The stops have "fortis" and "lenis" allophones of which the latter occur after vowels and /w l r j/. This rule operates across word boundaries in certain cases, e.g. within an NP.
> Q2b: If you have any, what are the connotations / implications of the > different allophones? E.g., do you use them for different dialects, > registers, "accents", etc.?
Some rural dialects are described as having aspirated stops /p_h/, /t_h/, /k_h/ for the fricatives /f/, /T/, /x/ by classical Old Albic authors. This pronunciation was generally considered rustic, uneducated and ugly among urbanites.

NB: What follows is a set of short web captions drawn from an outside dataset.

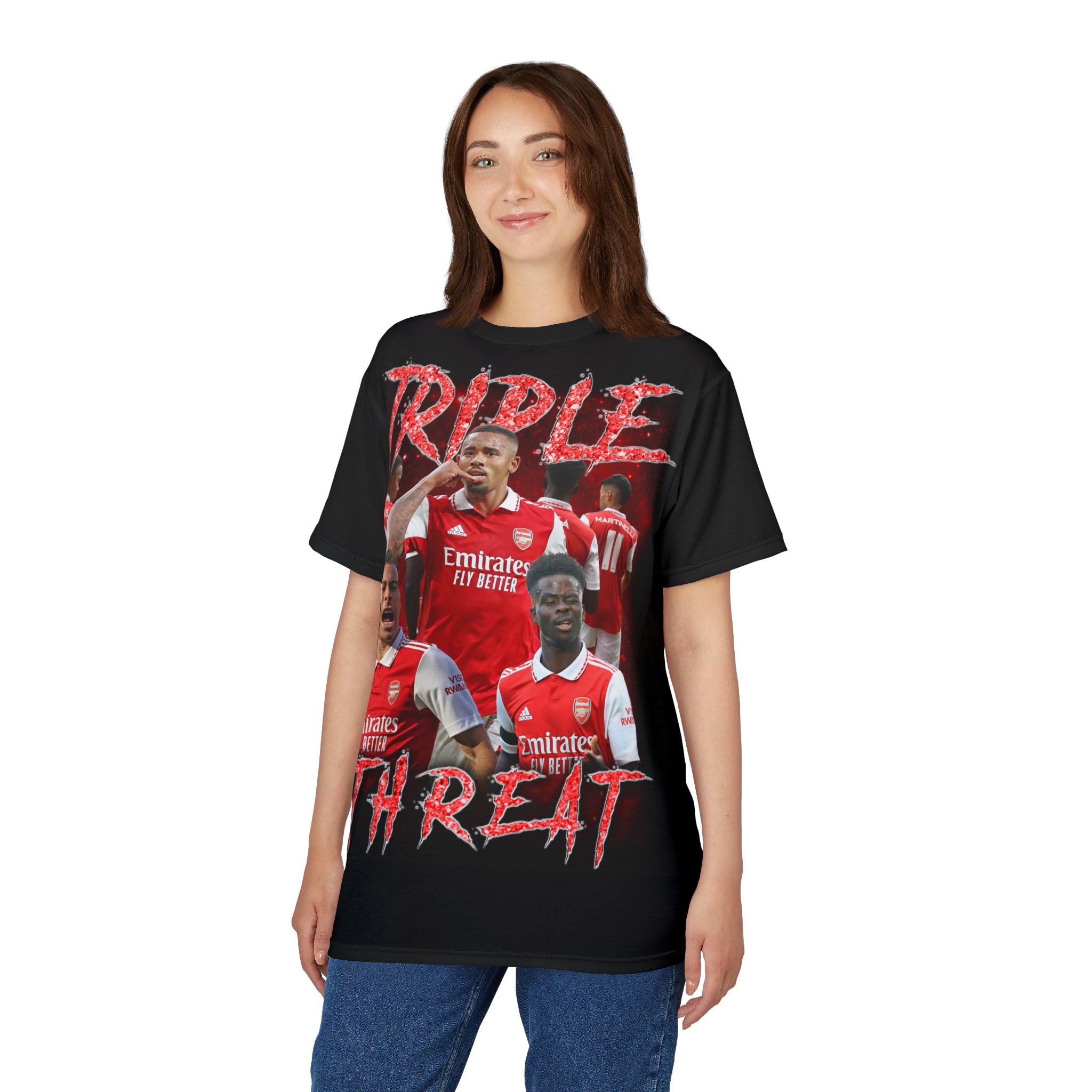 Team-Triple Threat Arsenal Football Tee — Arsenal Players Graphic Shirt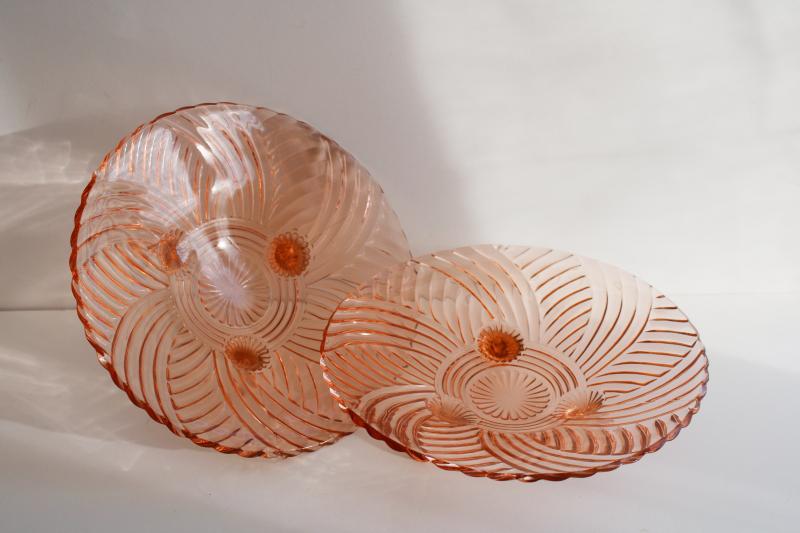 photo of pair vintage pink depression glass three-toed bowls, deco style Anchor Hocking #1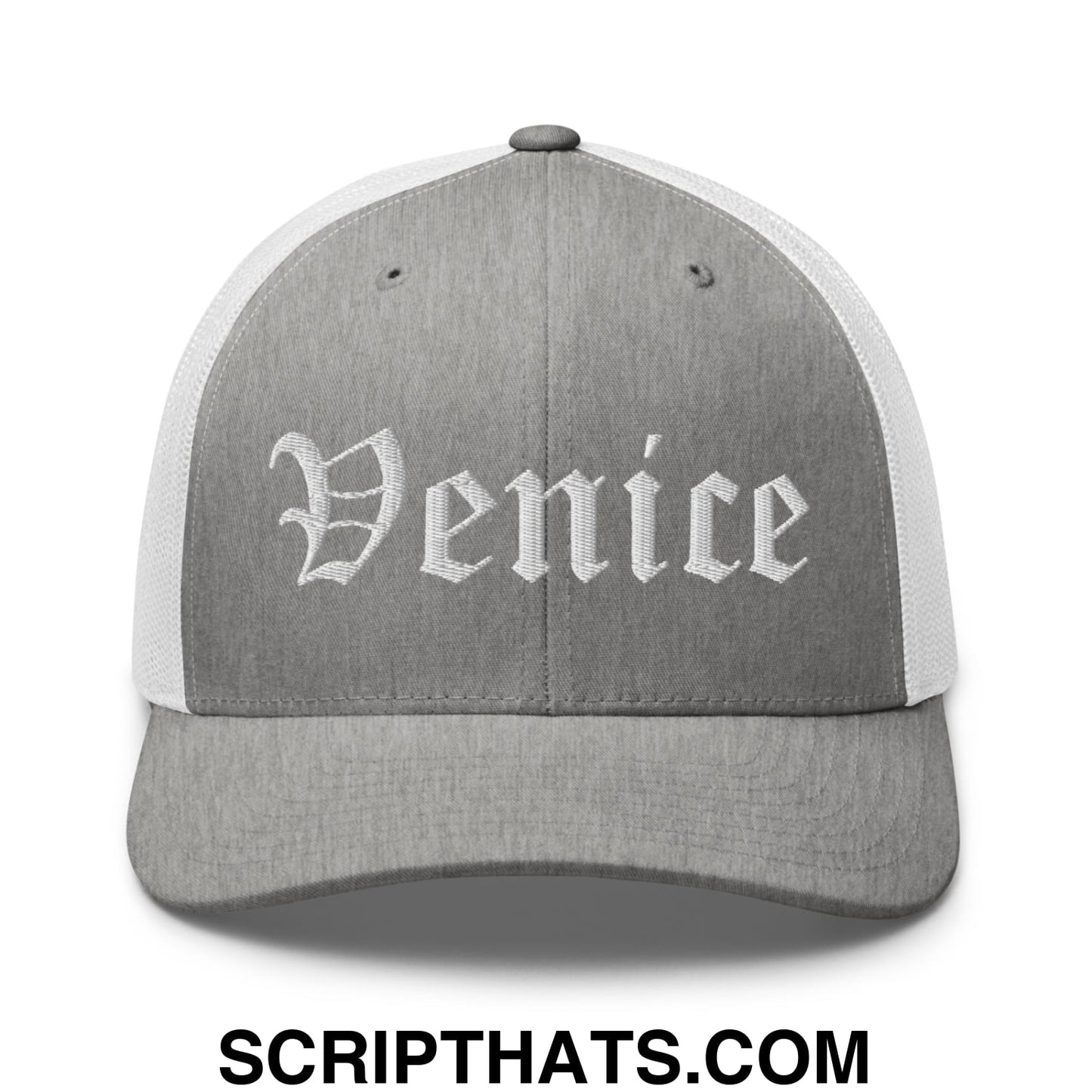 Venice Old English Embroidered Mesh Trucker Hat Heather Grey White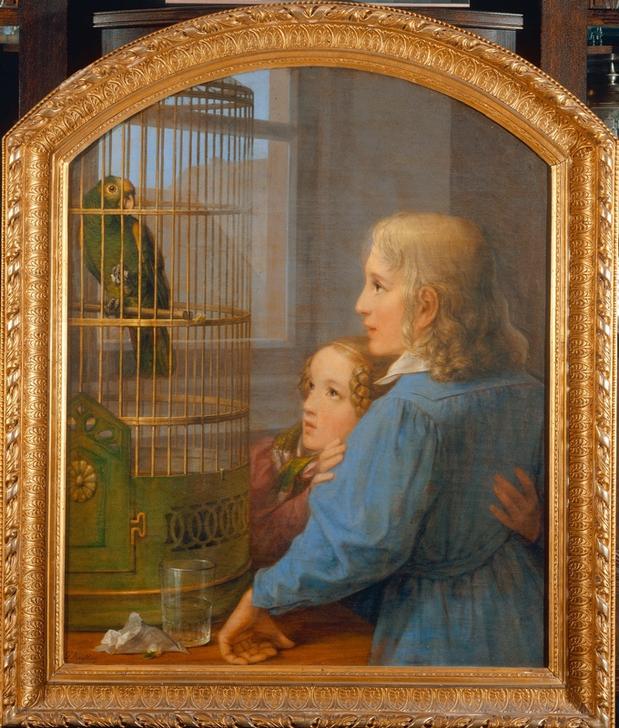 Two Children before a Parrot Cage à Georg Friedrich Kersting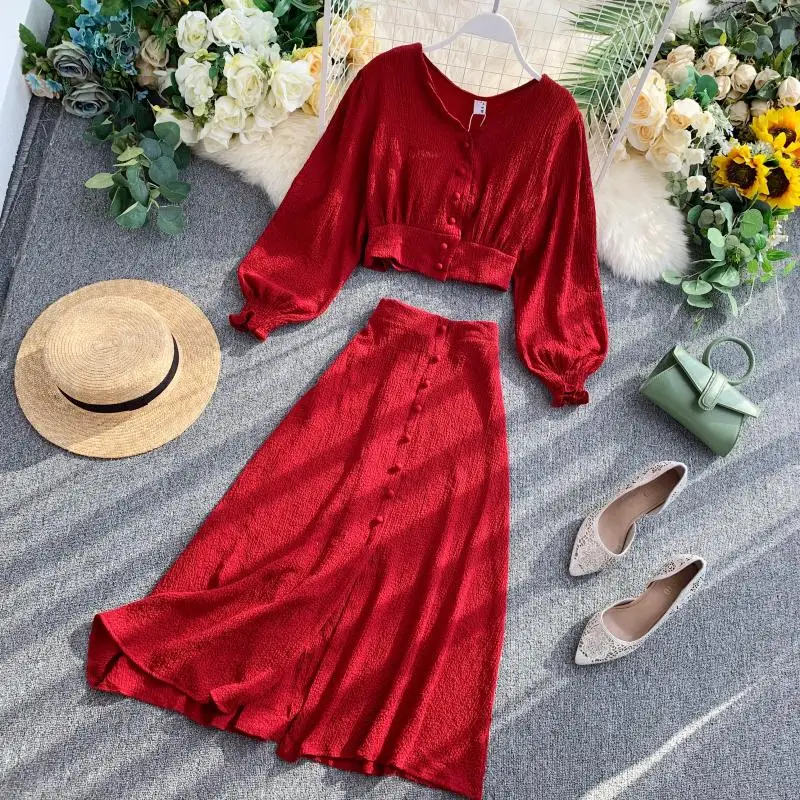 2019 Новый Модный женский комплект из двух предметов однотонный простой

> Q3: How do your choices for the above reflect the goals of your > language? E.g., if it's an auxlang [here!?], it's probably motivated > by having common, strongly "universal" common-use phonetics to > maximize learnability. So, for whatever your goals are for the > conlang, how do they apply to the choices you made for phonetics / > phonology?
Old Albic is an artlang designed to fit my personal style, and also to represent a plausible pre-Celtic language of Britain that is a distant cousin to Indo-European. Greetings, Jörg.